The dwarf sperm whale is a toothed whale named after the waxy substance, spermaceti, found in its head. This organ is a sac of oil that helps the whales produce sound. Similar to squids, dwarf sperm whales can produce a dark, ink-like liquid that helps them escape from predators.
Dwarf sperm whales are found in temperate and tropical seas worldwide. The dwarf sperm whale appears very similar to the pygmy sperm whale. In the field, it is very difficult to distinguish between the two species because they can be so easily confused.

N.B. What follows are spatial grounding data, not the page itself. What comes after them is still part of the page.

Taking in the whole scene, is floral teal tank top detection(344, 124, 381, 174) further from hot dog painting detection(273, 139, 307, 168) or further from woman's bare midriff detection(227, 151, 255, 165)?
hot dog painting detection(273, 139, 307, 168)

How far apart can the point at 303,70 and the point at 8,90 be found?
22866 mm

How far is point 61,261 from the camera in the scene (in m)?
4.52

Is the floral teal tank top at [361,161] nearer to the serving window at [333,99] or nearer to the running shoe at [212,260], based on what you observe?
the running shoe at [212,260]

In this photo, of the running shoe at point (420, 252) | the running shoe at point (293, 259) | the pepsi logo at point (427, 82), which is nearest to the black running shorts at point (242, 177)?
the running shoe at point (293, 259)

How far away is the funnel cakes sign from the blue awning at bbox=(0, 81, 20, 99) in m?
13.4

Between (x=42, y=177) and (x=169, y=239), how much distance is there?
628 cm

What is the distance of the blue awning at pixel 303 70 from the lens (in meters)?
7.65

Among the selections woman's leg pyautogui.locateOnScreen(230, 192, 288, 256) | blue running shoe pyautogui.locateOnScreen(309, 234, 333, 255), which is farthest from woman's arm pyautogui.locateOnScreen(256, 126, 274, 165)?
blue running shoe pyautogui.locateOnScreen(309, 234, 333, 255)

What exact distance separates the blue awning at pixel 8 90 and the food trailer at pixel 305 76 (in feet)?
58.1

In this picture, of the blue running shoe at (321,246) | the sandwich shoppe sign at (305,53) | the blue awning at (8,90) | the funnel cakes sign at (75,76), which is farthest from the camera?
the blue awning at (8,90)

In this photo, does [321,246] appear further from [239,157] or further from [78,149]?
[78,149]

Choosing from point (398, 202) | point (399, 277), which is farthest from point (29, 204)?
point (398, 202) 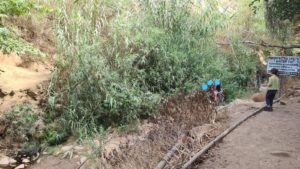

Both species are poorly known due to the limited availability of information and their cryptic appearance at sea.
The dwarf sperm whale can range in size from 2 to 2.7 m (6.6 to 8.9 ft) in length and 136 to 272 kg (300 to 600 lb) in weight—less than the 4.25 m (14 ft) and 417 kg (920 lb) pygmy sperm whale. A newborn is generally around 1 m (3 ft 3 in) long and 14 kg (31 lb). Males are thought to reach physical maturity at age 15, and females at age 13. Sexual maturity, which happens after an individual has attained 2–2.2 m (6 ft 7 in–7 ft 3 in) in length, happens at 2 to 3 years for males and around 5 for females.
Gestation takes place probably over around 9.5 months.
The dwarf sperm whale has a dark-gray or blue-gray coloration with a lighter-gray underside, and a pale, crescent-shaped mark between the eye and the flipper, sometimes called a “fake gill,” which is characteristic of the genus. Some individuals have been known to have a second crescent-shaped mark, creating a sort of pale ring encircling a darker spot. It has a high dorsal fin halfway down the length of the body, and two or more throat grooves. The dorsal fin is taller and closer to the head than it is in the pygmy sperm whale, and the back is flatter.
Population and distribution
The dwarf sperm whale ranges throughout tropical and temperate oceans of the world and inhabits the continental shelf and slope area. It seems to prefer warmer waters than the pygmy sperm whale. The dwarf sperm whale is one of the most commonly beached deep-diving whales in the world, though rarely seen at sea, and likewise, most information about the whale comes from examining beached individuals. Diving depth may vary from place to place: a study in the Bahamas placed average depth at around 250 m (820 ft), whereas a study in the deeper waters of Hawaii placed it at around 1,500 m (4,900 ft).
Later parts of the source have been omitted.